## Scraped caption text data

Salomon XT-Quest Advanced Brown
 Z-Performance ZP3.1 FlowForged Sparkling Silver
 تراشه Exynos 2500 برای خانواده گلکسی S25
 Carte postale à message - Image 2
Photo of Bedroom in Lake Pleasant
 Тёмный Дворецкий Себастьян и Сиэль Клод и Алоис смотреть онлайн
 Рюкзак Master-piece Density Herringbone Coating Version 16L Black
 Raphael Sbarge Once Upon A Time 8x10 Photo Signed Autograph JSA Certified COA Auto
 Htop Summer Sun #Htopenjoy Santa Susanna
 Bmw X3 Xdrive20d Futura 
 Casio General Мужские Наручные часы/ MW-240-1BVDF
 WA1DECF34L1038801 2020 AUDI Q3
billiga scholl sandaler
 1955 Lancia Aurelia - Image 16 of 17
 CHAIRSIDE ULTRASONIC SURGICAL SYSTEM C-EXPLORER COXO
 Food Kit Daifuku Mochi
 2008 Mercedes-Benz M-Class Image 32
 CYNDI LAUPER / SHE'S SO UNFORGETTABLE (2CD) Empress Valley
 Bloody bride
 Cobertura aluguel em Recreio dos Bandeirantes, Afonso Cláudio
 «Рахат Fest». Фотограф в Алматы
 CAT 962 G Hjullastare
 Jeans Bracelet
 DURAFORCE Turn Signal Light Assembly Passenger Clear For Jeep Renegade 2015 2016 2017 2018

## Task prompt
Produce an exact copy of each line from the one holding "CHAIRSIDE ULTRASONIC SURGICAL" through the last line of the records, both included, and nothing more.

## Solution
 CHAIRSIDE ULTRASONIC SURGICAL SYSTEM C-EXPLORER COXO
 Food Kit Daifuku Mochi
 2008 Mercedes-Benz M-Class Image 32
 CYNDI LAUPER / SHE'S SO UNFORGETTABLE (2CD) Empress Valley
 Bloody bride
 Cobertura aluguel em Recreio dos Bandeirantes, Afonso Cláudio
 «Рахат Fest». Фотограф в Алматы
 CAT 962 G Hjullastare
 Jeans Bracelet
 DURAFORCE Turn Signal Light Assembly Passenger Clear For Jeep Renegade 2015 2016 2017 2018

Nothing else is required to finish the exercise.